## Work required
Check every line of the data for the string "Bird" and copy the ones that have it.

————————

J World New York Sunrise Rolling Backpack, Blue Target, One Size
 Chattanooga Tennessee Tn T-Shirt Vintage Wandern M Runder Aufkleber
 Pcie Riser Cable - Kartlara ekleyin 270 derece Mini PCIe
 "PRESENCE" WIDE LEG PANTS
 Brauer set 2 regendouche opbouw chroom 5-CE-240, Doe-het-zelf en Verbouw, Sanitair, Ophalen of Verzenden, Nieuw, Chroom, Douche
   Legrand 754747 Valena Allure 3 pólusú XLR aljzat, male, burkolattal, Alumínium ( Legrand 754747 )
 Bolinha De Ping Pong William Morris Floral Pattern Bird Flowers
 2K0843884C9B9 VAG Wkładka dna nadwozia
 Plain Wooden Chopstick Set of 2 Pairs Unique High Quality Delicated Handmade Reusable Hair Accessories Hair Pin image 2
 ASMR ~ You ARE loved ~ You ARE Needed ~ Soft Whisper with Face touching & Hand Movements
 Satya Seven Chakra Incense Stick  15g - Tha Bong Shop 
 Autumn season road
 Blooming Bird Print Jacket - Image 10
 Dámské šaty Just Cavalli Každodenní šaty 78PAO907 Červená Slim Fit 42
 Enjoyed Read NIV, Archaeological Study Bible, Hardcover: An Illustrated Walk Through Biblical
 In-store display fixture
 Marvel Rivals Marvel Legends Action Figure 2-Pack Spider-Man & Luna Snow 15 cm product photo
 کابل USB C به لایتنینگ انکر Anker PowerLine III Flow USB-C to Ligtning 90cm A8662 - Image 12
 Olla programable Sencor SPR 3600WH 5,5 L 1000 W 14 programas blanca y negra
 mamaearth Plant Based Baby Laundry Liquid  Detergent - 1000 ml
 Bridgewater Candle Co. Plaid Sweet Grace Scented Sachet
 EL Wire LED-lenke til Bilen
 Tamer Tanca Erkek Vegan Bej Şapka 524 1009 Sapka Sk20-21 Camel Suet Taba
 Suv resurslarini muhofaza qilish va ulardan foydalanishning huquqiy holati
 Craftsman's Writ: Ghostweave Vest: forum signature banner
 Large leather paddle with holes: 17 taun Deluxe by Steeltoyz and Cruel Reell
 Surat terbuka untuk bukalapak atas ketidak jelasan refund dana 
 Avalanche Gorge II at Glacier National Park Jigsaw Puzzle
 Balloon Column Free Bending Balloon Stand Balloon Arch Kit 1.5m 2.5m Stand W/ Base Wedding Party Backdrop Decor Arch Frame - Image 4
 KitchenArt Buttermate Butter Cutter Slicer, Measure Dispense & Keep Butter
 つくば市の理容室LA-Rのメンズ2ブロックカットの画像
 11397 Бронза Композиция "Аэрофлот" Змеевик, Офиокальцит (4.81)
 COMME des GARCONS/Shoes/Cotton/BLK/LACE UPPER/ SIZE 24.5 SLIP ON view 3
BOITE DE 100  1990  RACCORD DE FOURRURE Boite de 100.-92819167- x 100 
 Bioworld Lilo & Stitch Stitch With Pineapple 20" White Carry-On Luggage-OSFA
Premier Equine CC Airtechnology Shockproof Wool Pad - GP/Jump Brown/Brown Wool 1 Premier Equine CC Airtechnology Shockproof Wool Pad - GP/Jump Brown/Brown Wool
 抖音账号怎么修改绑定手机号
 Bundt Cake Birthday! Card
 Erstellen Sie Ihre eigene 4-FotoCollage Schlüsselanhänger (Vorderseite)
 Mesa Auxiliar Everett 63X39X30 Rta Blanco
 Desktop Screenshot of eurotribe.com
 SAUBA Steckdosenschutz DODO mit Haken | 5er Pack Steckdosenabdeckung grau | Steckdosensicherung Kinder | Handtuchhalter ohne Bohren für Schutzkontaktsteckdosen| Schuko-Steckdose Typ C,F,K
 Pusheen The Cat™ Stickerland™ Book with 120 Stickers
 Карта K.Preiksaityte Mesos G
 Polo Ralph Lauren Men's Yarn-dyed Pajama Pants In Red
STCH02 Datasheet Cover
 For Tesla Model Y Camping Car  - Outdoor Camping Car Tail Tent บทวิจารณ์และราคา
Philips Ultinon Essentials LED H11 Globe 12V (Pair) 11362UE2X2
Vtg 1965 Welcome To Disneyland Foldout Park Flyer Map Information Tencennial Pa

————————

## Answer box
 Bolinha De Ping Pong William Morris Floral Pattern Bird Flowers
 Blooming Bird Print Jacket - Image 10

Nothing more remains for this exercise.